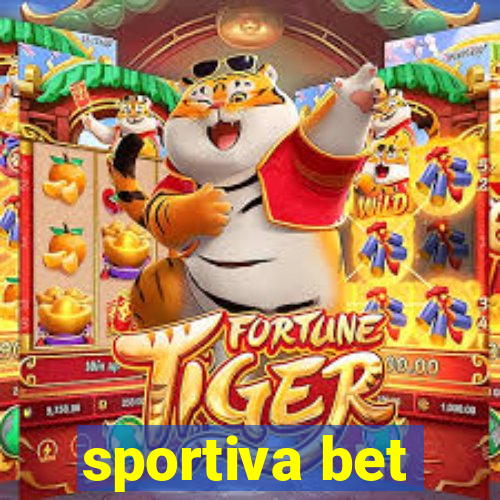 sportiva bet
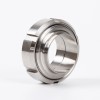 SS304/316L SMS Stainless Steel Sanitary Pipe Fitting Union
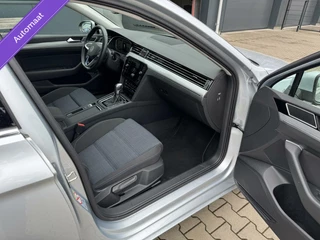 Volkswagen Passat Volkswagen Passat Variant 1.4 TSI PHEV GTE Business R-Line - afbeelding nr 32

WHAT TO PRODUCE
With the pictures excluded, the line containing "SS304/316L SMS Stainless" and every line after it through the end of the data above are to be transcribed exactly, and nothing more.

ANSWER TO THE PROBLEM
 SS304/316L SMS Stainless Steel Sanitary Pipe Fitting Union
 Volkswagen Passat Volkswagen Passat Variant 1.4 TSI PHEV GTE Business R-Line - afbeelding nr 32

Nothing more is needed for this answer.